_TASK DESCRIPTION_
Each line in the data must be reproduced as written, except for any picture.
━━━━━ AVAILABLE DATA
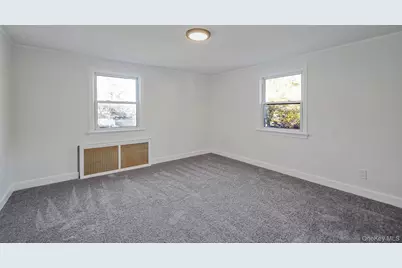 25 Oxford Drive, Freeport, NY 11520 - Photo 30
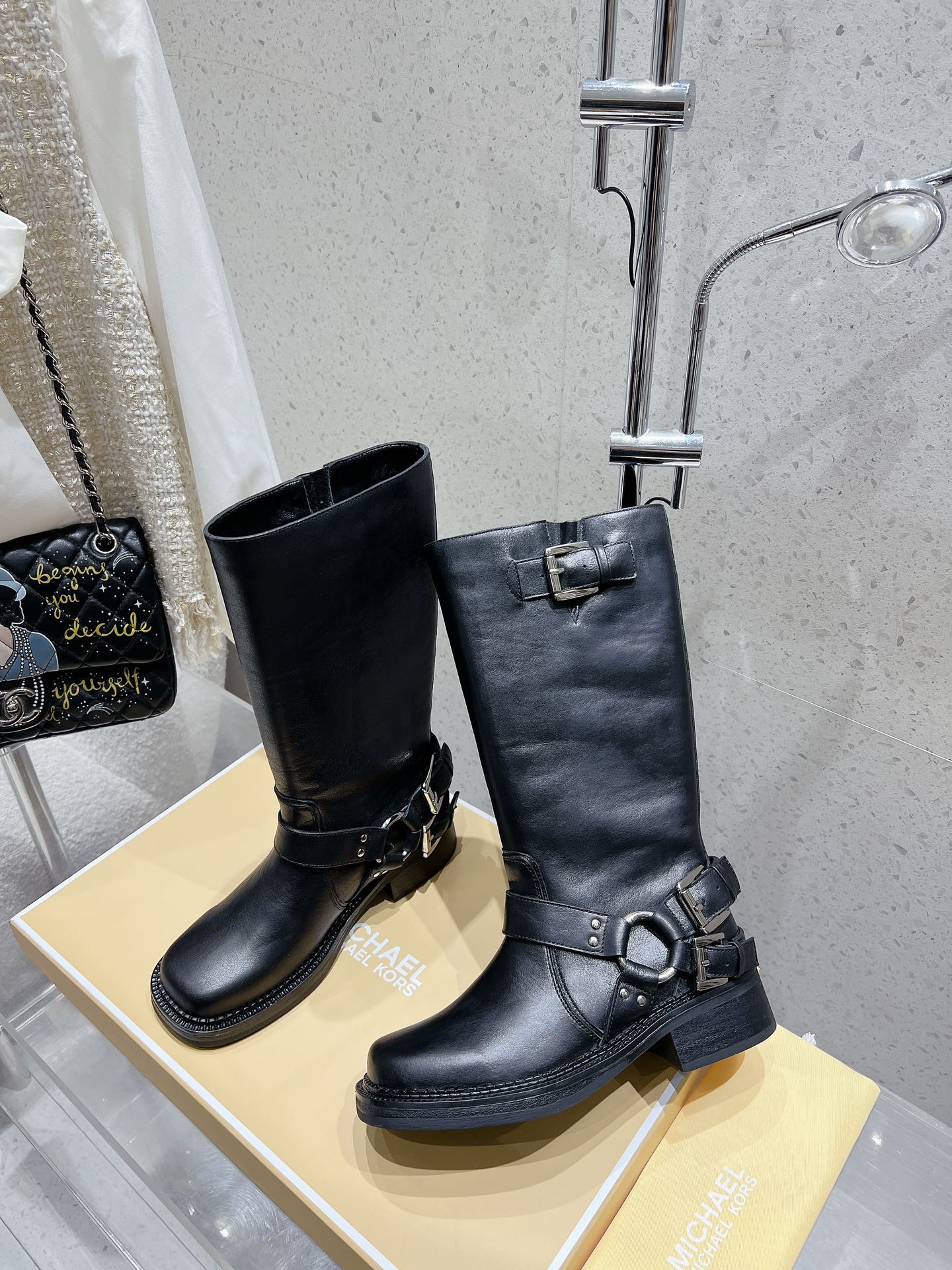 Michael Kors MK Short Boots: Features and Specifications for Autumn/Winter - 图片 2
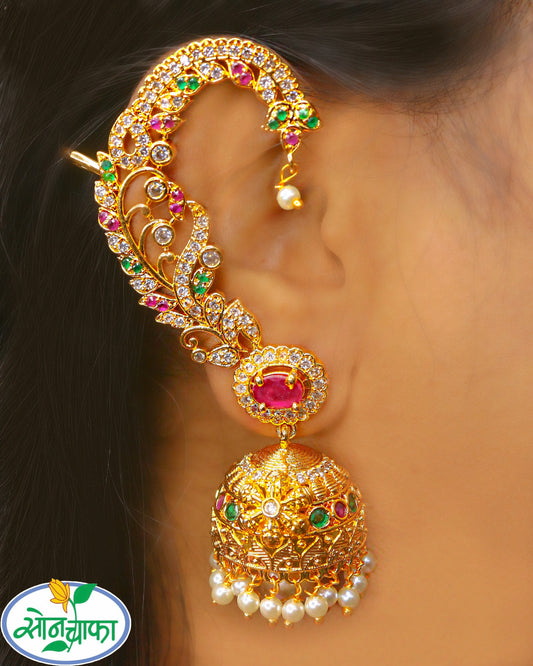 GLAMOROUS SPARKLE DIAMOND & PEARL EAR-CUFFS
━━━━━━━━━━
_RESULT FOR THIS EXERCISE_
 25 Oxford Drive, Freeport, NY 11520 - Photo 30
 Michael Kors MK Short Boots: Features and Specifications for Autumn/Winter - 图片 2
 GLAMOROUS SPARKLE DIAMOND & PEARL EAR-CUFFS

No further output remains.